The Leopards (also known as the African XV) were the South African African Rugby Board's representative side, which governed black rugby in apartheid South Africa. The team's name was reflected in the eponymous emblem that was worn on their rugby shirts.

== History ==
In 1972, the Leopards played against England in Port Elizabeth, losing the match 3-36. One year later, a test against the touring Italian national side in Port Elizabeth resulted in a 4-24 defeat.

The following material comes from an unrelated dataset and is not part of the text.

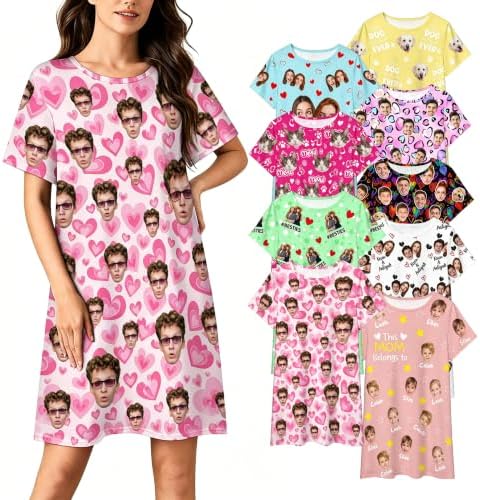 Custom Funny Moo Moos with Face Personalized Pjs Loungewear with Heart…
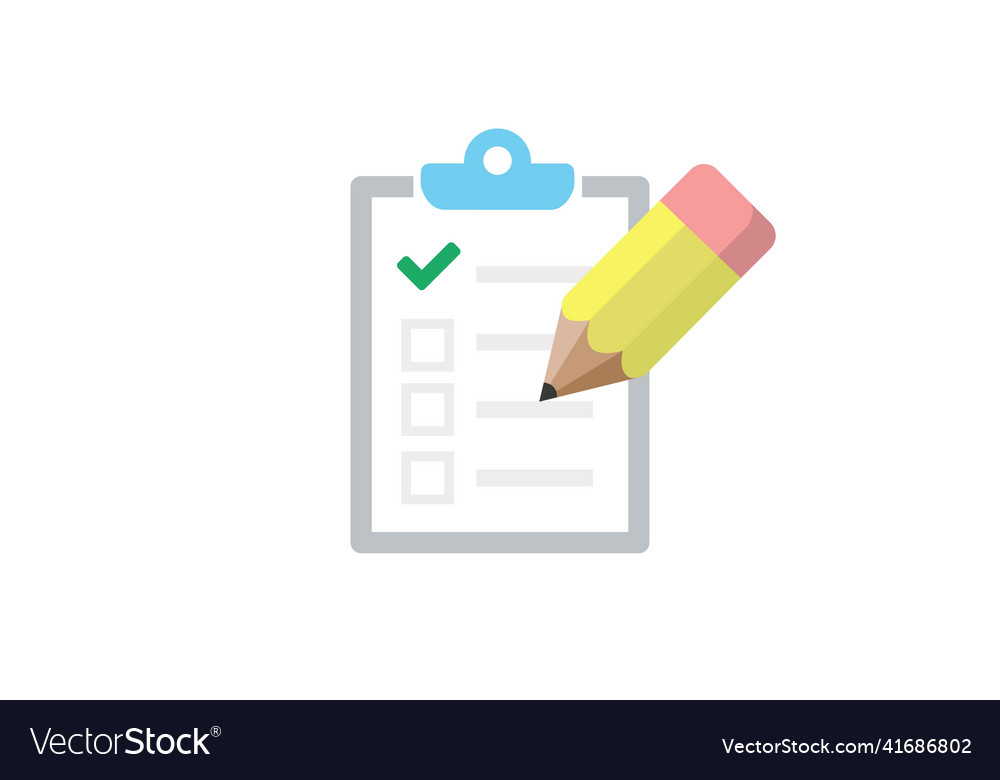 Checklist and pencil icon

The Leopards undertook the first tour abroad by a black South African rugby team when they traveled to Italy for a month during May 1974. The team was "the first South African team to tour Italy." The squad had 25 players and played in six fixtures, defeating Zebre in Milan, drawing against the Italian U23 side and losing four including a 25–10 defeat in the "test" defeat against the national side at Brescia. The latter was the only occasion when the margin of loss was by more than one score. Outside backs Toto Tsotsobe, Charles Mgweba, and Edmund Mnqatu were the team's most potent strike weapons behind the pack, allied to the goal-kicking abilities of Norman Mbiko and Peter Swartz, whilst forwards Broadness Cona, Liston Ntshongwana, Patsa Matyeshana, and Morgan Cushe played to excellent effect.

== 1974 match vs Lions==
On 9 July 1974 the Leopards met the Lions on what would turn out to be the visitors' unbeaten tour of South Africa. The team was captained by hooker Thompson Magxala and included lock Liston Ntshongwana and Morgan Cushe at 8th Man. In their 10-56 loss to the Lions at Sisa Dukashe Stadium in Mdantsane, wing Charles Mgweba scored a try and Norman Mbiko succeeded with two penalties. Willie John McBride's side answered with 8 tries, one by scrum-half Gareth Edwards and a hat-trick by wing Tom Grace. The significance of Mgweba's try can be measured by the fact that the Springboks had not scored any tries in the two Tests that had been played against the Lions by that time.

Lineups:

| Leopards | Position | Lions |
|---|---|---|
| Edmund Mnqatu | Fullback | Andy Irvine |
| Toto Tsotsobe | Wing | Tom Grace |
| Barrington Mnyazi | Centre | Mike Gibson |
| Mbulelo Matomela | Centre | Ian McGeechan |
| Charles Mgweba | Wing | Alan Morley |
| Peter Swartz | Fly-half | Phil Bennett |
| Norman Mbiko | Scrum-half | Gareth Edwards |
| Mbulelo Magosha | Prop | Sandy Carmichael |
| Thompson Magxala (capt) | Hooker | Ken Kennedy |
| V. Sonjani | Prop | Mike Burton |
| Liston Ntshongwana | Lock | Willie John McBride (capt) |
| Sid Ttakayi | Lock | Chris Ralston |
| Patsa Matayeshana | Flanker | Stewart McKinney |
| Vusumzi Nakani | Flanker | Tommy David |
| Morgan Cushe | 8th Man | Andy Ripley |
|  | Replacement | Roger Uttley |

== France ==
Many of the 1974 Leopard team featured against the touring French side of June 1975 when the teams met in Mdantsane, East London in the Eastern Cape. The French emerged as comfortable winners, 39-9. The first official South African multi-racial team to play a foreign national side was the Invitation XV which included SARB's Toto Tsotsobe and Morgan Cushe. The Invitation XV beat the French at Newlands 18-3.

== All Blacks ==
The touring All Blacks were the fifth touring overseas side to play against the Leopards. The fixture in late August 1976 saw the New Zealanders running out comfortable winners 31-0 in Mdantsane. The Leopards side still contained seven of the line up featured against the 1974 British Isles side.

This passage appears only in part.